Piyanist, 2002 Cannes Film Festivali’nde Altın Palmiye almış ve En İyi Film dalında Oscar’a aday gösterilmiş bir filmdir. Yahudi Piyanist Vladislav Szpilman’ın gerçek yaşam öyküsünü anlatan film, savaşın en korkutucu yüzünü gözler önüne seriyor. Zira Kendi ülkesinde çok ünlü, çok beğenilen, yetenekli Piyanist, İkinci Dünya Savaşı esnasında esir kamplarına götürülmekten bir tesadüf eseri kurtulur ve artık yaşamı asla eskisi gibi olmayacaktır.

2. La Vita é Bella – 1997 (Hayat Güzeldir)

Guido, çok zeki sempatik ve hayat dolu genç bir erkektir ve gönlünü büyüleyici güzellikteki öğretmen Dora’ya kaptırır. Dora’nın ailesi kızları ve Guido arasındaki aşka ve evliliğe karşı çıkarlar. Ancak Guido tüm engelleri aşar ve Dora ile evlenir. Bir de erkek çocukları olur; hayat gerçekten de güzeldir. Ancak kısa bir süre sonra İkinci Dünya Savaşı ortaya çıkar ve tüm yaşamları alt üst olur. Zira Guido, Yahudi’dir ve bu sebeple de esir kampına götürülürler. Dora, kampta kadınların bulunduğu bölümde, Guido ve oğlu da erkeklerin bölümündedir. Guido, oğlunu korkutmak, üzmek, ümitsizliğe sevk etmemek için, bunun bir savaş değil, oyun alanı olduğu yalanını söyler ve bu oyunu kazanırlarsa çok büyük bir tank kazanacaklardır. Esaret ve işkenceler, umut, hayat sevgisi, evlat sevgisi ve aşka karşı!

1. Grave of The Fireflies – 1988 (Ateş Böceklerinin Mezarı)

Akiyuki Yosaka, İkinci Dünya Savaşı esnasında kız kardeşini kaybeder ve bu kız kardeş açlıktan ölmüştür. Ateş Böceklerinin Mezarı da, savaş döneminde açlıktan ölen küçük kız kardeşinden özür dilemek isteyen ağabey Akiyuki Yosaka’nın otobiyografik romanı Hotaru no Haka’dan uyarlanmış bir filmdir. Japon yönetmen Isao Takahata’nın yönettiği Ateş Böceklerinin Mezarı adlı film; İkinci Dünya Savaşı’nın, ailelere, çocuklara, masum insanlara neler kaybettirdiğinin tam bir izahı. Hatta filmin en sonundaki en acı son, daha en başından yüreklerde hissediliyor.
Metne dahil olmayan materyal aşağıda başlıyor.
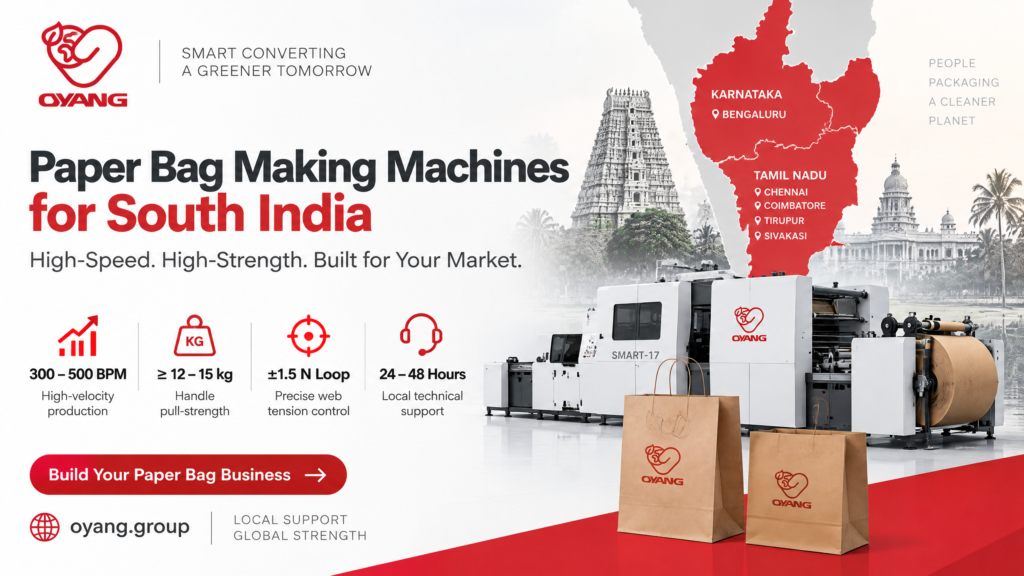 Paper Bag Making Machine in Tamil Nadu & Bangalore South India Guide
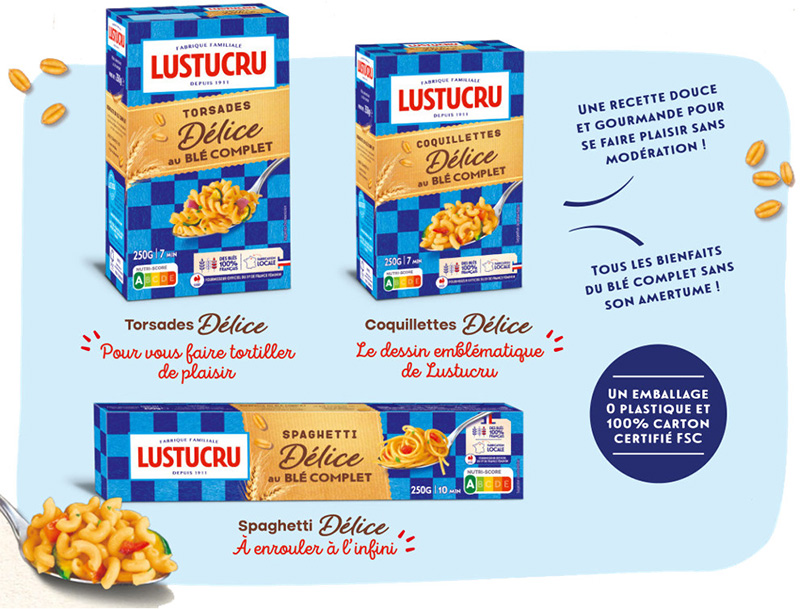 Délice au blé complet Lustucru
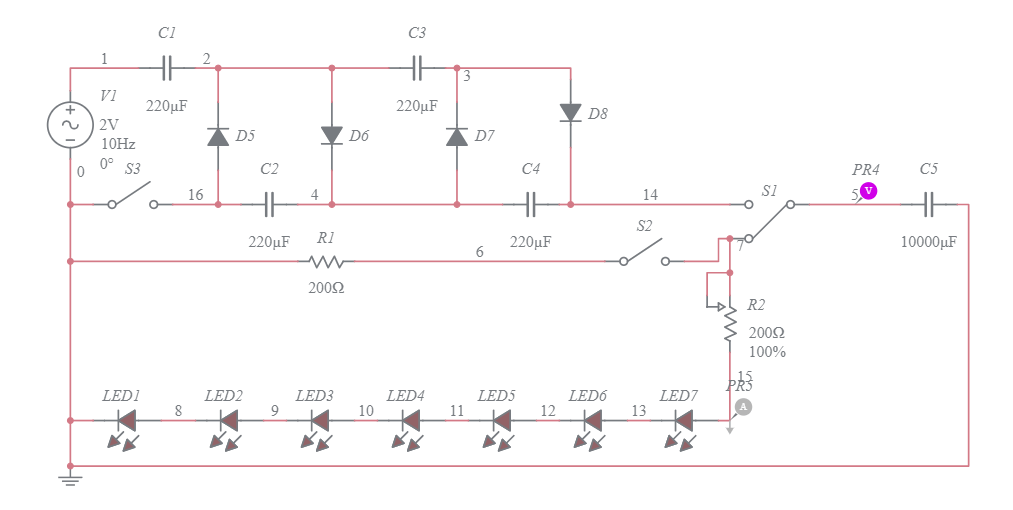 Voltage multiplier Multisim Live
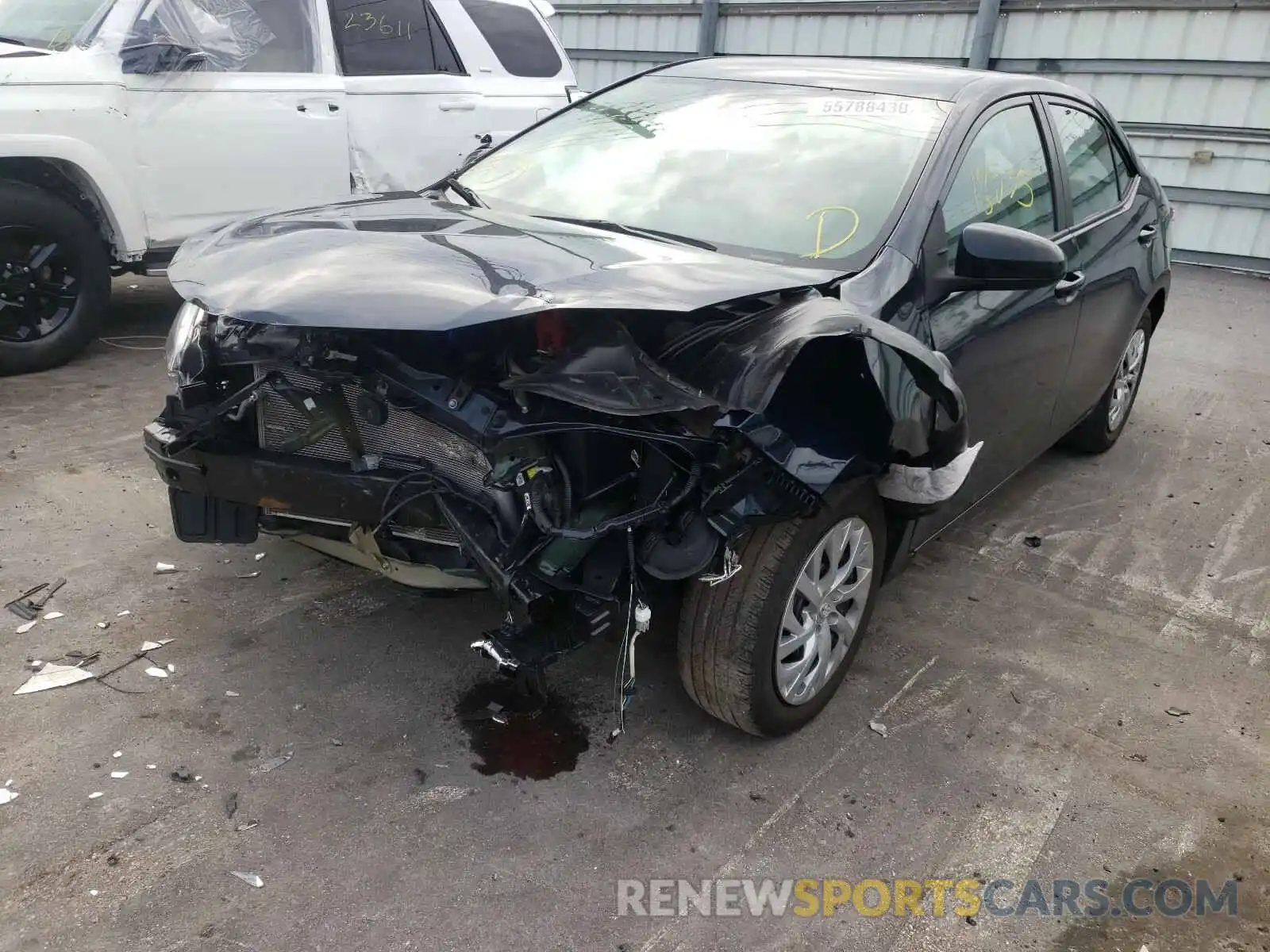 2 Photograph of a damaged car 5YFBURHE7KP934943 TOYOTA COROLLA 2019
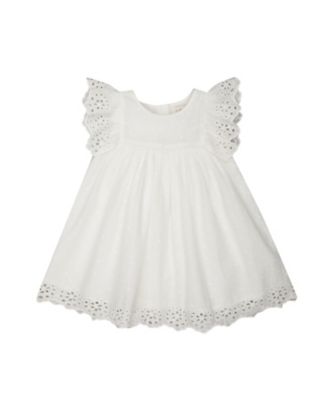 white broderie dress review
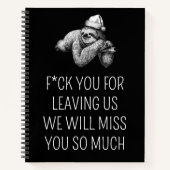 Goodbye Farewell Geschenk für Coworker Colleague Notizblock (Vorderseite)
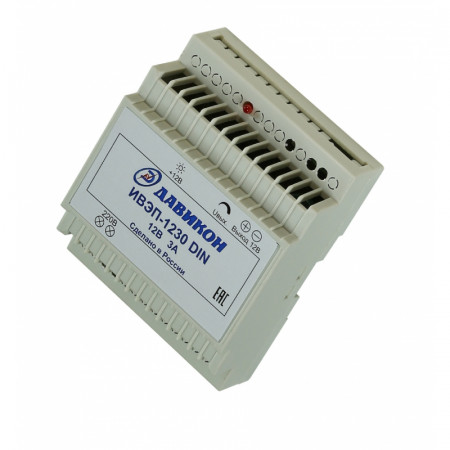 ИВЭП - 1230DIN источник питания ИВЭП - 1230DIN источник питания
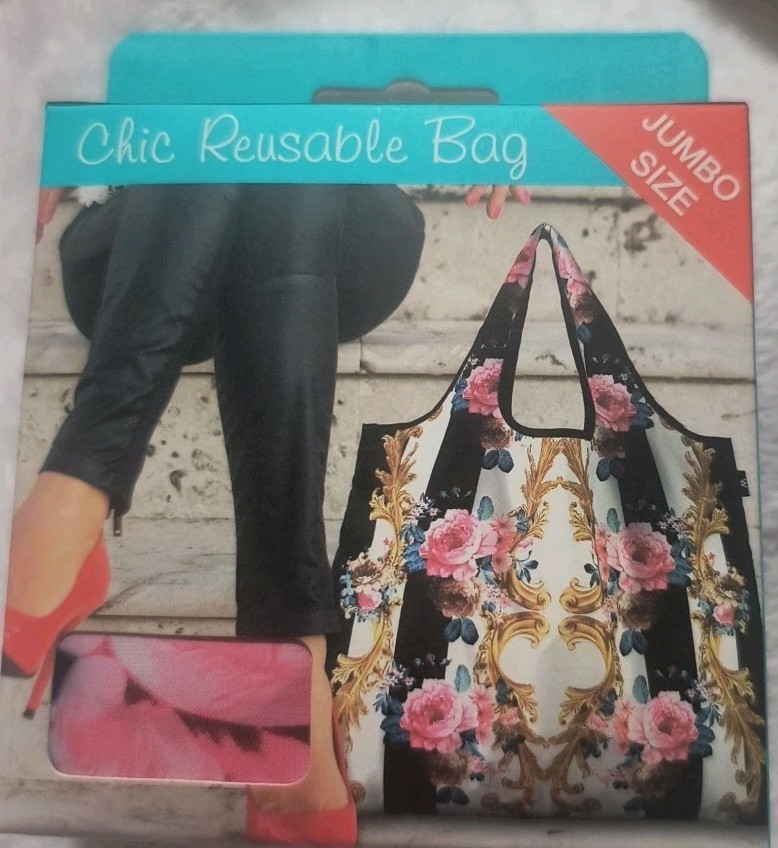 YaYbag Reusable Floral Victoria Grocery Bags 55 lbs Heavy Duty New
Zira biri on dört, diğeri dört yaşında iki kardeşin babaları savaşa gider, anneleri de yine bu savaşın uzantısı olan bir hava saldırısında ölür.

Çocukların bir teyzesi vardır ve ilk zamanlarda onunla birlikte yaşamaya başlarlar. Ancak talihsizlikler bu iki kardeşin yakasını bırakmaz, teyzesinin evindeki yaşam onları mutsuz eder. Kardeşler için geriye tek seçenek kalmıştır: Birlikte yaşamak, birlikte savaşmak. Onlar için asıl savaş bundan sonra başlayacaktır. Çünkü ağabey tarlalardan yiyecek çalsa, savaş artığı evlerden hırsızlık yapsa da kardeşinin açlıktan ölmesini engelleyemez. Tüm dünya genelinde en sarsıcı dram, dramatik film denilince ilk akla gelen, gözlerde yaş bırakmayan bir kurgu, inanılmaz gerçeklikte oyunculuklar ve savaşın acımasız yüzü..! Özellikle de filmin sonunda kardeşlerin ruhlarının birlikte, güzel giyimli, bakımlı bir şekilde beliren görüntüleri “neden savaş” sorusunu yeniden sorduruyor.